§ INSTRUCTIONS TO FOLLOW
Omit the images, then print each record below exactly as it reads.
GIVEN DATA section start
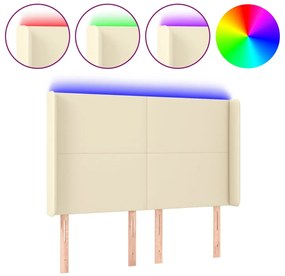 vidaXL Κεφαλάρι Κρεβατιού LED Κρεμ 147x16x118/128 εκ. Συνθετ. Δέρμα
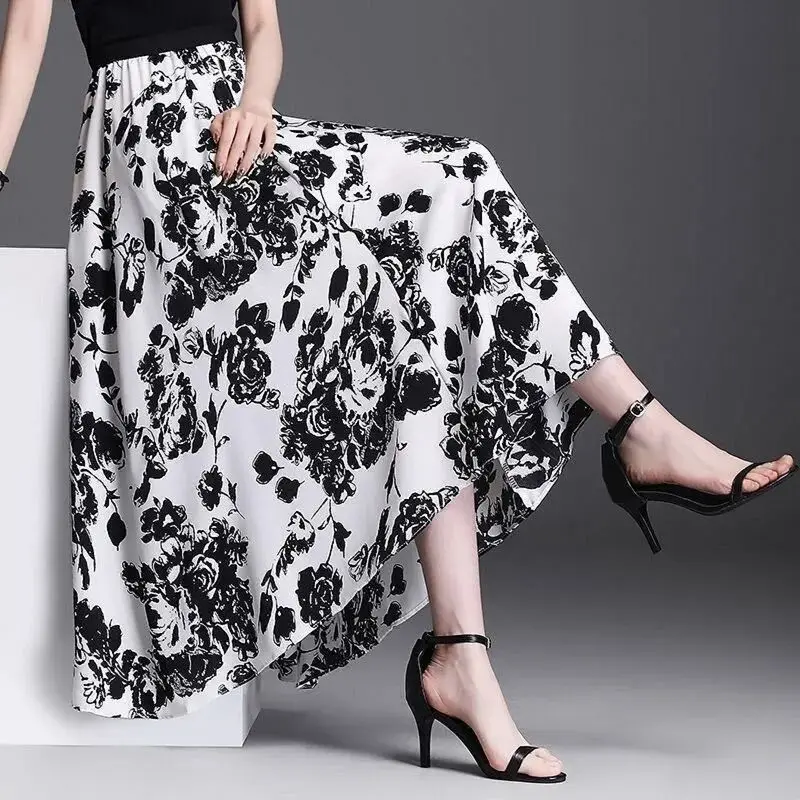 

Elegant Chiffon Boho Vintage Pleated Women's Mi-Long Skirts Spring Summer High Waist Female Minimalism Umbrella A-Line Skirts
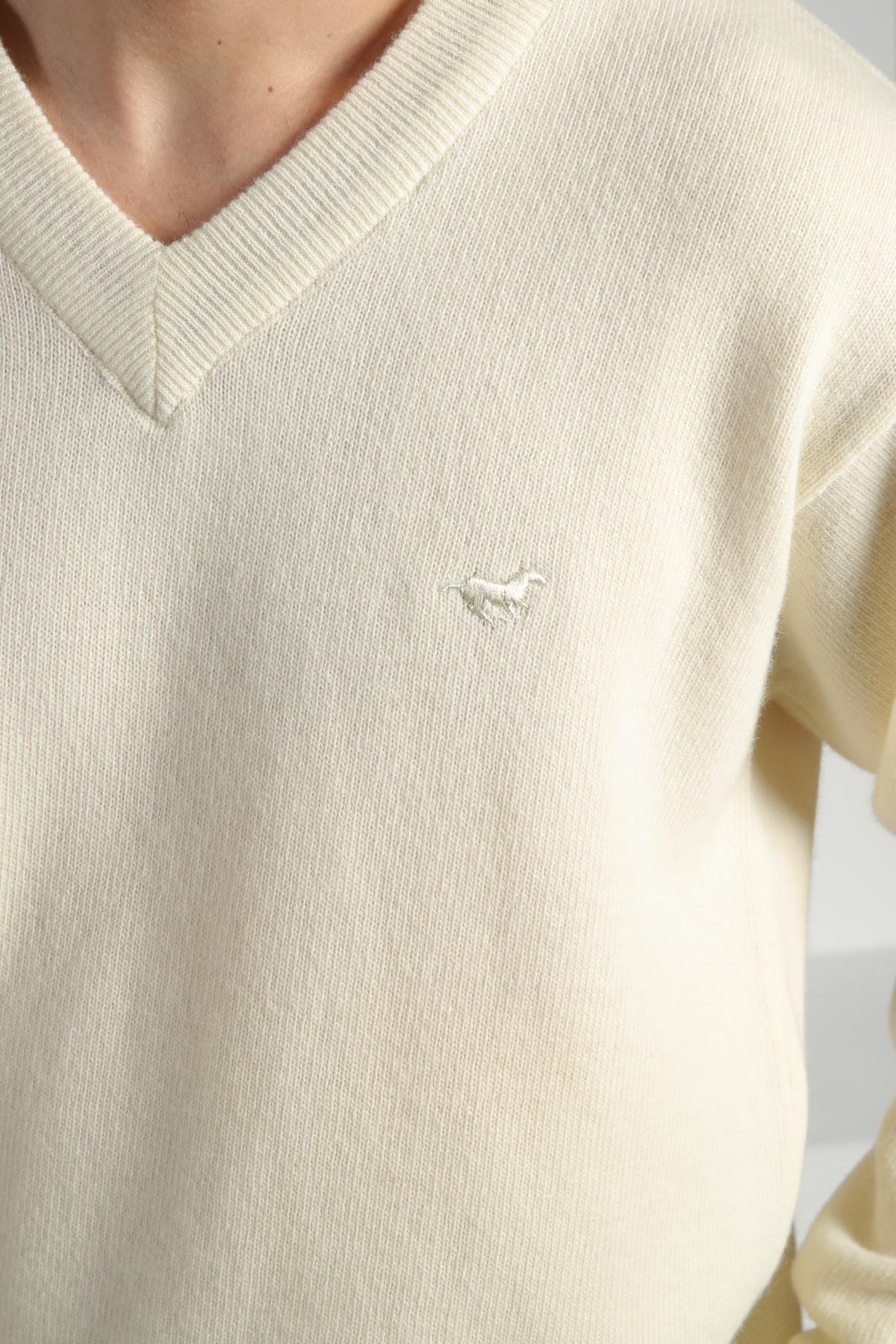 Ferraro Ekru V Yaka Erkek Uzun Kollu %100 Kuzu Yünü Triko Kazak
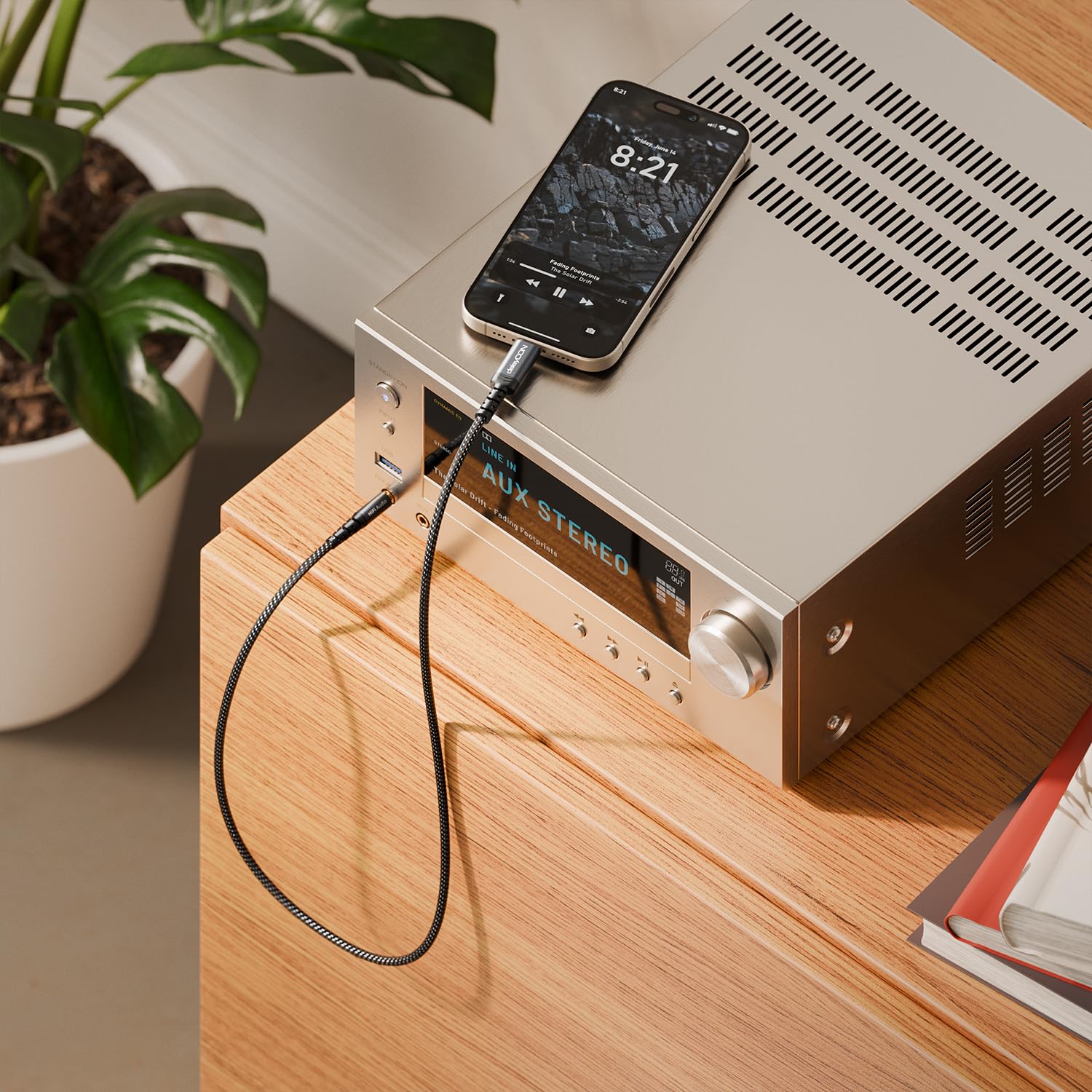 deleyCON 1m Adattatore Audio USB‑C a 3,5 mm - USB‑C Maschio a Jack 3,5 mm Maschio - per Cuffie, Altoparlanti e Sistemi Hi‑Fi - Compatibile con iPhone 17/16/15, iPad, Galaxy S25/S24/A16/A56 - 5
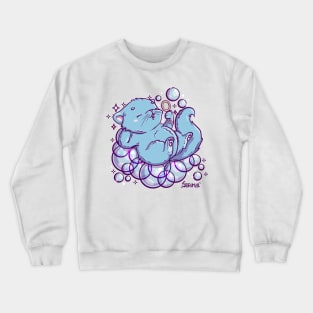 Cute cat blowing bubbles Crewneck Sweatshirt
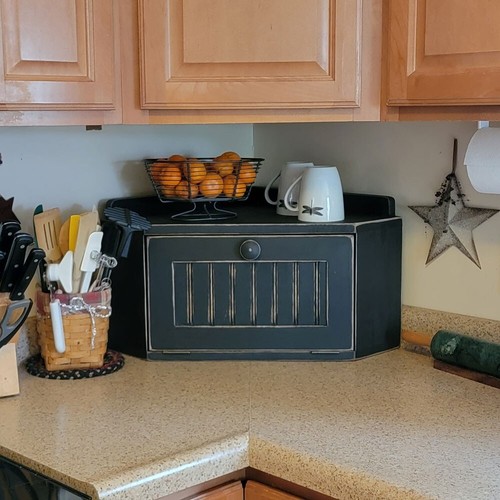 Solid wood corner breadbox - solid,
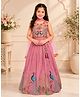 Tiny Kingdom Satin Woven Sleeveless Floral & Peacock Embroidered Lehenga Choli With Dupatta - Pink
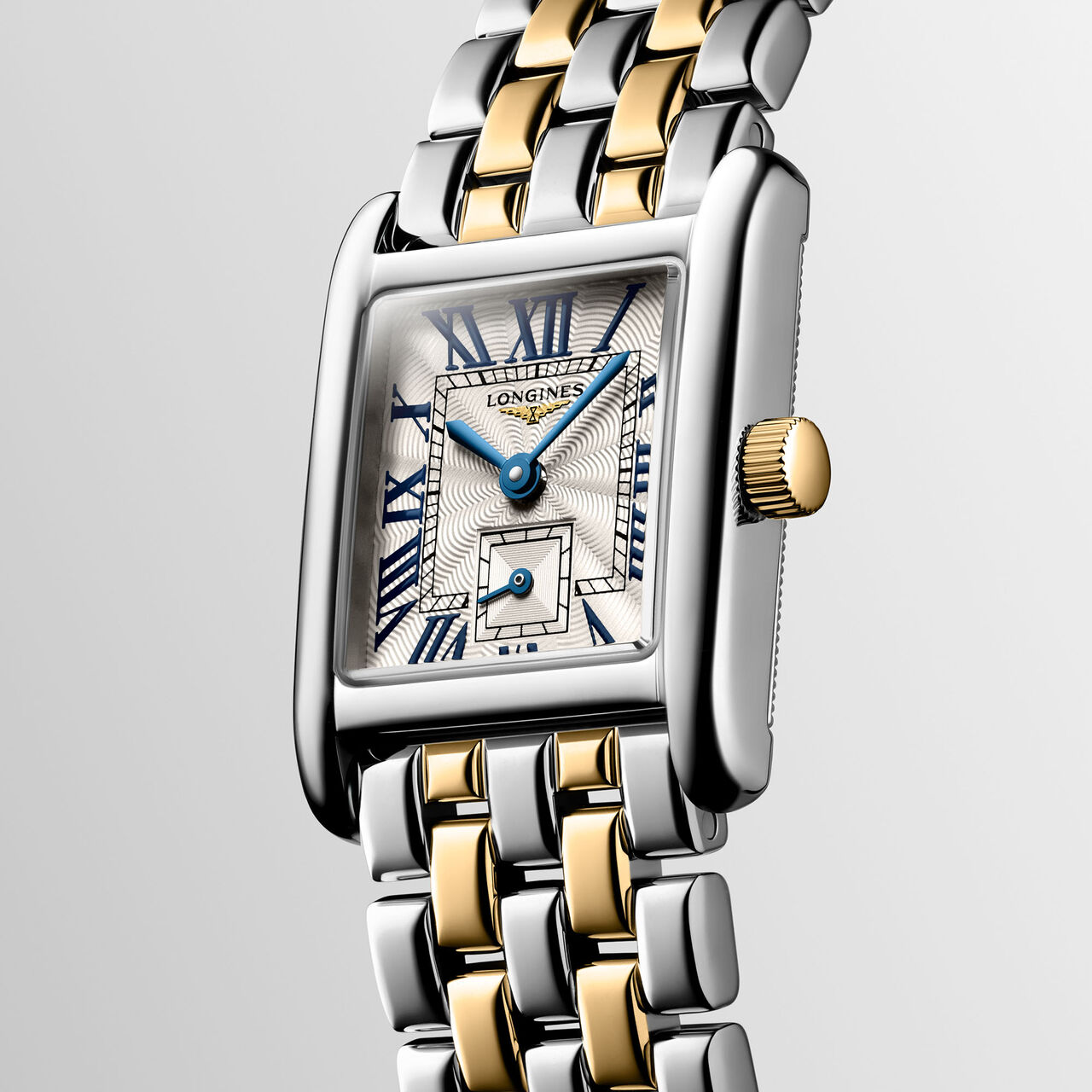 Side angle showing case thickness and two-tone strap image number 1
GIVEN DATA section end
§ COMPLETED EXERCISE
 vidaXL Κεφαλάρι Κρεβατιού LED Κρεμ 147x16x118/128 εκ. Συνθετ. Δέρμα

Elegant Chiffon Boho Vintage Pleated Women's Mi-Long Skirts Spring Summer High Waist Female Minimalism Umbrella A-Line Skirts
 Ferraro Ekru V Yaka Erkek Uzun Kollu %100 Kuzu Yünü Triko Kazak
 deleyCON 1m Adattatore Audio USB‑C a 3,5 mm - USB‑C Maschio a Jack 3,5 mm Maschio - per Cuffie, Altoparlanti e Sistemi Hi‑Fi - Compatibile con iPhone 17/16/15, iPad, Galaxy S25/S24/A16/A56 - 5
 Cute cat blowing bubbles Crewneck Sweatshirt
 Solid wood corner breadbox - solid,
 Tiny Kingdom Satin Woven Sleeveless Floral & Peacock Embroidered Lehenga Choli With Dupatta - Pink
 Side angle showing case thickness and two-tone strap image number 1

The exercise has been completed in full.